Much of the exhibition is stuck in the bedroom, or thereabouts, dwelling on the joylessness of sex. One gallery is suffused by the soundtrack from Lutz Bacher’s looped video clip of William Kennedy Smith on the witness stand,Trade Warehouse have partnered with one of the worlds largest solarlight producers. relentlessly repeating “my penis”. That mantra makes it difficult to focus on Paul McCarthy’s “Cultural Gothic”, a sculptural automaton of a man resting his hand on the shoulder of a young boy who couples mechanically with a stuffed goat; or on Patricia Cronin’s Polaroid crude anatomical close-ups of her love life; or on Cheryl Donegan’s “Head”, a brief but still overlong video of the artist guzzling a creamy liquid as it squirts from a plastic jug.

Art about sex isn’t about sex, of course, but about gender roles, subjugation, identity, the body and various other concepts explained in the indispensable text panels. The great innovation of the early 1990s was art that required written translation – John Miller’s “Clubs for America”, for instance, a suite of ugly photos of dreary locations. Their meaning resides in the wall labels, which explain that each is a view of a gay bathhouse, shuttered in the age of Aids. Unfortunately, what we’re shown and what we’re told doesn’t add up to a whole artistic experience.Looking for the Best solarpanel? Once you’ve read the text, you return to the pictures, only to find them untransformed.

If NYC 1993 has little to say about the world at that time, it suggests plenty about New York’s evolution since then.
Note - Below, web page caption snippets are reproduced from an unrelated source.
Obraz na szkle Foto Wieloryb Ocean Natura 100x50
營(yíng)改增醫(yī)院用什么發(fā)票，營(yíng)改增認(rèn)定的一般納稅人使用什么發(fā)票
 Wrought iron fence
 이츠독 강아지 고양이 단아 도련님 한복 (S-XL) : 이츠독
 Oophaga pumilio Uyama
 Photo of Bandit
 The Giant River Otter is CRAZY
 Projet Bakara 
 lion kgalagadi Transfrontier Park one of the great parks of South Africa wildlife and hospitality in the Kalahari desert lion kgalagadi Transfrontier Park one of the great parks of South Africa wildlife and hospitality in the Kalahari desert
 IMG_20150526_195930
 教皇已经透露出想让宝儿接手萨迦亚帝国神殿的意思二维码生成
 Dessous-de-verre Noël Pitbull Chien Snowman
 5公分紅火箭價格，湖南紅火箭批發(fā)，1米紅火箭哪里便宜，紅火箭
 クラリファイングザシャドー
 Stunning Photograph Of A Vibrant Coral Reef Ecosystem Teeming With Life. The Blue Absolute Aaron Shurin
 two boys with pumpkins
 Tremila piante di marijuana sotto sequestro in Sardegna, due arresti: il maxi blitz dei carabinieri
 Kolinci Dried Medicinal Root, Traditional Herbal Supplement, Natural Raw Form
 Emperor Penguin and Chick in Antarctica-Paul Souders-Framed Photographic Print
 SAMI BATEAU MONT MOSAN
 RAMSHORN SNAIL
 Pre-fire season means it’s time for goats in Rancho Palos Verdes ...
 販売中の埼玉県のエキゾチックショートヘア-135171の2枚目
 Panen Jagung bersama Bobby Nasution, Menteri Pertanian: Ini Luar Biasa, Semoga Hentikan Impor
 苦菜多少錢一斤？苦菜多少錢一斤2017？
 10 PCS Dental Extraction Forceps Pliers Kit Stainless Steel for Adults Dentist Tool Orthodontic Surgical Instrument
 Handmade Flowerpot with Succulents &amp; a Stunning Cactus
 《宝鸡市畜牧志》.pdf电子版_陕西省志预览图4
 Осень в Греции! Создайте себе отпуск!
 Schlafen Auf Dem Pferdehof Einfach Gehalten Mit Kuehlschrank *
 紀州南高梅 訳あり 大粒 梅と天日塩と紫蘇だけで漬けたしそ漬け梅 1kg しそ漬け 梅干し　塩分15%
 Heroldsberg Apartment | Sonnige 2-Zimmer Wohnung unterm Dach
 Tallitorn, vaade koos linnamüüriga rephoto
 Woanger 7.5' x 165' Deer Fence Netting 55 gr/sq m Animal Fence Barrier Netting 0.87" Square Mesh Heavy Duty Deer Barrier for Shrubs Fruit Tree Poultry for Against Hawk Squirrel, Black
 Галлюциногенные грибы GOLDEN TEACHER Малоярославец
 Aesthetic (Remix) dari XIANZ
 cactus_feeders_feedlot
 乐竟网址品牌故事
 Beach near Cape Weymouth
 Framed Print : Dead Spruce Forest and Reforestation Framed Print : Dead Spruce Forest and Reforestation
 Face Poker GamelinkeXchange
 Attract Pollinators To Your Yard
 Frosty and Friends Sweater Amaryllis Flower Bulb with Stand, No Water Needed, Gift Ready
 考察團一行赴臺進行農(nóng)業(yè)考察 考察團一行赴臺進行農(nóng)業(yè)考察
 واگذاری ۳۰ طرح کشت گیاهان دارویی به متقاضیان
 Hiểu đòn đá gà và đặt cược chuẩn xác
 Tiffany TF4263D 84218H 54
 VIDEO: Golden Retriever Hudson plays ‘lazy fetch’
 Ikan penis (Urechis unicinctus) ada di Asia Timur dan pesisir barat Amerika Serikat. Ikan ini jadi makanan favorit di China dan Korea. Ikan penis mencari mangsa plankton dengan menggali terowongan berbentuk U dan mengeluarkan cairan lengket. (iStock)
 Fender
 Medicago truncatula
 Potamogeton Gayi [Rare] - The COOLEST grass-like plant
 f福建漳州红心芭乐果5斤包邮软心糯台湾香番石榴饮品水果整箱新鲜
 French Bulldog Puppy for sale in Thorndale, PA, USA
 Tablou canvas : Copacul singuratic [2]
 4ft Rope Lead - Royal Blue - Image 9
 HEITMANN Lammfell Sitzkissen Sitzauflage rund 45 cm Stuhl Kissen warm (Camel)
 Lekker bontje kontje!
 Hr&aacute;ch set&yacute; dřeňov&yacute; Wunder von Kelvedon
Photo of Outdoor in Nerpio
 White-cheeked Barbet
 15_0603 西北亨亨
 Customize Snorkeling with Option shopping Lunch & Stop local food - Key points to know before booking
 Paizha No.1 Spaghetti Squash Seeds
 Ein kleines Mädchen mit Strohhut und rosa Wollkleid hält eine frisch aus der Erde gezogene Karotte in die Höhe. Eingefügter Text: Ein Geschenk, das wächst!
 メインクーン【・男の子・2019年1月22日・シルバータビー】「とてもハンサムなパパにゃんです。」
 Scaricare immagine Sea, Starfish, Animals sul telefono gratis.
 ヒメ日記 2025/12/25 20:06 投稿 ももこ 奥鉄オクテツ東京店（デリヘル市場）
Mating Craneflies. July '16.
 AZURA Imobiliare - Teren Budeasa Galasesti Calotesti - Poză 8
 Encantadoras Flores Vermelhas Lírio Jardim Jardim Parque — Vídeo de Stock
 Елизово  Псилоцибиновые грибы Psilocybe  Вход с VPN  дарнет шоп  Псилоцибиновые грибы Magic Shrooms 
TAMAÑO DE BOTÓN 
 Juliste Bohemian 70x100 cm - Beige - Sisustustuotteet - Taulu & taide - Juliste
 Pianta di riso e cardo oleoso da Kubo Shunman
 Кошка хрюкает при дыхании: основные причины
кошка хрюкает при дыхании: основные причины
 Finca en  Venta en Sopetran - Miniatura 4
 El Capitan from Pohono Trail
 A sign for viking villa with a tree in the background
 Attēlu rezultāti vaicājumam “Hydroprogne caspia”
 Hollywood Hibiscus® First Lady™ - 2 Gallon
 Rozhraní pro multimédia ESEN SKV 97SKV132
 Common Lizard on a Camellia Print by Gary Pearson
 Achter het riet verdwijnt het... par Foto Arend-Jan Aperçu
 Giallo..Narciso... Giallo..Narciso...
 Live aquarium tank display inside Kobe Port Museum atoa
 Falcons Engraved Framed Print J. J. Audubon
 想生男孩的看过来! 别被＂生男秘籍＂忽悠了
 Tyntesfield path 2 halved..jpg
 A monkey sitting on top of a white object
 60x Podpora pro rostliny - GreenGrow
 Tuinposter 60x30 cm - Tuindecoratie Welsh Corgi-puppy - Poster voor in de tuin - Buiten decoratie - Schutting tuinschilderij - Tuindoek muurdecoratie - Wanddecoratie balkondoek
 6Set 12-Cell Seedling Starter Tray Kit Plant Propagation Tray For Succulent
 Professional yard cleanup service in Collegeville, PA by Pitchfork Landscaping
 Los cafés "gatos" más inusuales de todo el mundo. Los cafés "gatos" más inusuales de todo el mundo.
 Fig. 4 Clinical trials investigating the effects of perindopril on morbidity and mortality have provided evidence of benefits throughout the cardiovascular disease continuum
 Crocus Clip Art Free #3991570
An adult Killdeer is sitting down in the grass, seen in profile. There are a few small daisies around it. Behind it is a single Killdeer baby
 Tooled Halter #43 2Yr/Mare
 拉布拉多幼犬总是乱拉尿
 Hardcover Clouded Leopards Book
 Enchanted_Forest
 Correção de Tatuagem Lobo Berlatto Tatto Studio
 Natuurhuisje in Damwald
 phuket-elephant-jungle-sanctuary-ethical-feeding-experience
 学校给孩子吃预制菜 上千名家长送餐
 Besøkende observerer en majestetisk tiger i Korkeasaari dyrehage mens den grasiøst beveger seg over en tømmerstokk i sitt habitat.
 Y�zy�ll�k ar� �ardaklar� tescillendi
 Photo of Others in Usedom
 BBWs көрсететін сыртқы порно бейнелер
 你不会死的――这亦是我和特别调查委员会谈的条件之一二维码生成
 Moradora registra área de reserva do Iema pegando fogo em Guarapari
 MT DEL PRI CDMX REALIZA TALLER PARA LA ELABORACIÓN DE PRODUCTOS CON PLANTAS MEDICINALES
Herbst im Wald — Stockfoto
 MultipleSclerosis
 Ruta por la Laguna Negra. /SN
It tells of a fall from gracelessness, from interesting dereliction to bland luxury. (It is an irony that the New Museum went up on the Bowery in 2007, contributing to the gentrification it’s now busy deploring.) The scholar Megan Heuer writes in a catalogue essay that the city has, in her opinion, been scrubbed shallow: “that old sadness and profundity?.?.?.?have largely disappeared.” At the time, though, most artists didn’t see their lives through the lens of poetic melancholy. They were bellicose and cerebral. The show’s logo could be David Hammons’ decapitated sweatshirt hood, whose title, “In the Hood”, puns on fashion, race and urban geography.